Exercise requirements →
A picture-free, exact transcript of the entries below is required.

Stored items
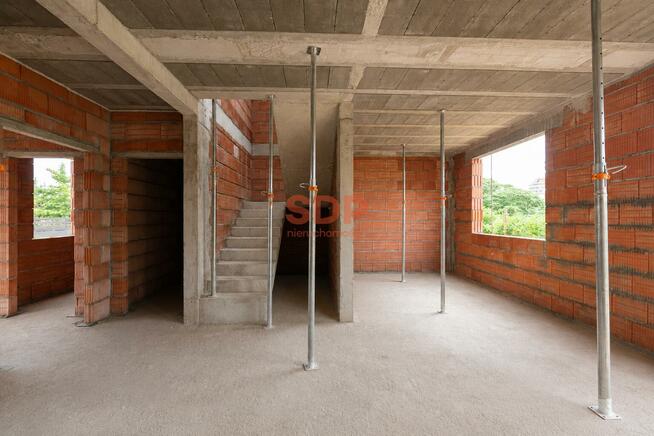 Dom Lutynia gm. Miękinia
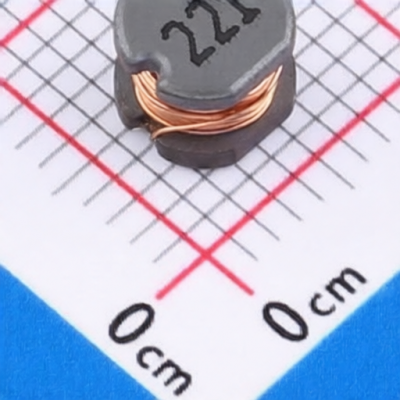 zoomdo electronics CD54-221M for sale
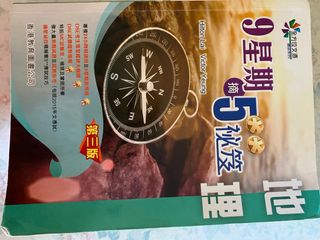 （分類：）位於 。 由 nnnnnssss 提交（商品編號 1021994996，圖片 1）。簡介： 。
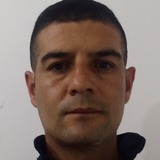 Orozcocarmonsx from Antioquia | Man | 39 years old | Virgo
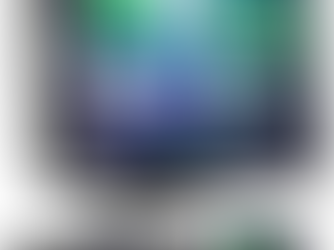 Wireless Apple Carplay Screen for Car:Sunlight Readable 7.2" HD Touchscreen with Wireless Android Auto,Backup Camera,Portable Carplay with Voice Control,AUX,FM Transmitter for Most Vehicle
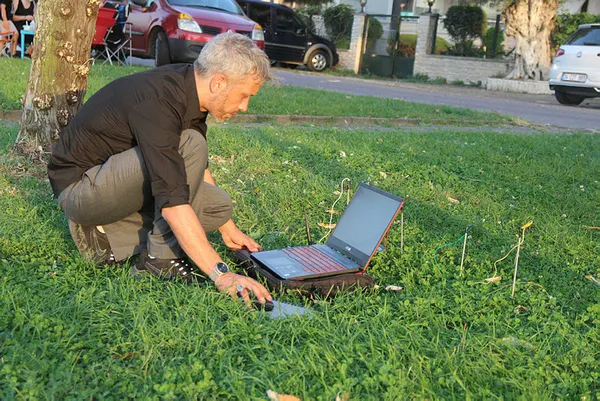 deprem-arastirmacisi-elazig-ve-bingolde-10-gun-icerisinde-deprem-olacagini-ileri-surdu-umarim-bu-kez-yanilirim-1632218616534.jpg Deprem araştırmacısı Elazığ ve Bingöl'de 10 gün içerisinde deprem olacağını ileri sürdü: Umarım bu kez yanılırım-2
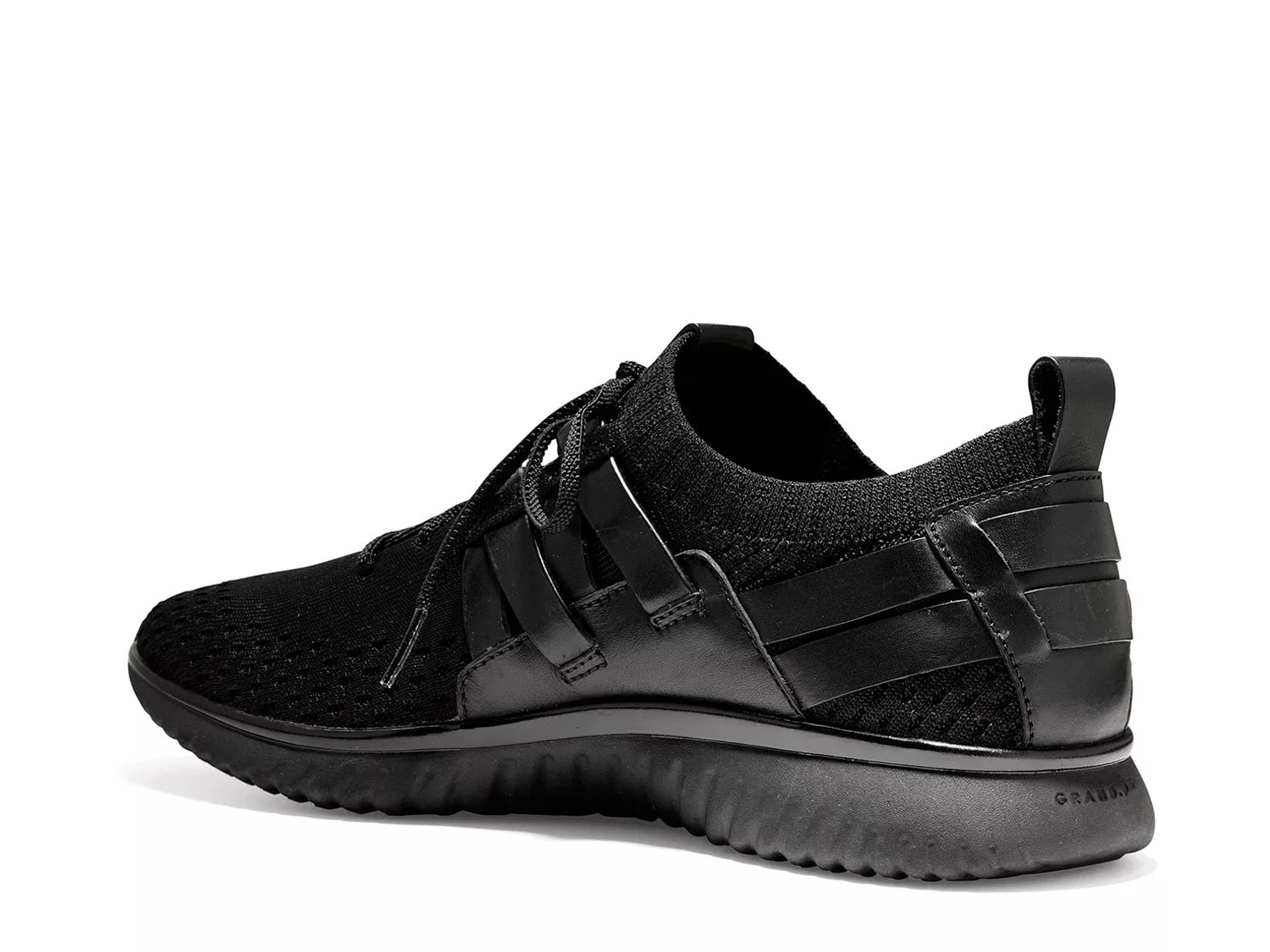 cole haan grand motion slip on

Answer space →
 Dom Lutynia gm. Miękinia
 zoomdo electronics CD54-221M for sale
 （分類：）位於 。 由 nnnnnssss 提交（商品編號 1021994996，圖片 1）。簡介： 。
 Orozcocarmonsx from Antioquia | Man | 39 years old | Virgo
 Wireless Apple Carplay Screen for Car:Sunlight Readable 7.2" HD Touchscreen with Wireless Android Auto,Backup Camera,Portable Carplay with Voice Control,AUX,FM Transmitter for Most Vehicle
 deprem-arastirmacisi-elazig-ve-bingolde-10-gun-icerisinde-deprem-olacagini-ileri-surdu-umarim-bu-kez-yanilirim-1632218616534.jpg Deprem araştırmacısı Elazığ ve Bingöl'de 10 gün içerisinde deprem olacağını ileri sürdü: Umarım bu kez yanılırım-2
 cole haan grand motion slip on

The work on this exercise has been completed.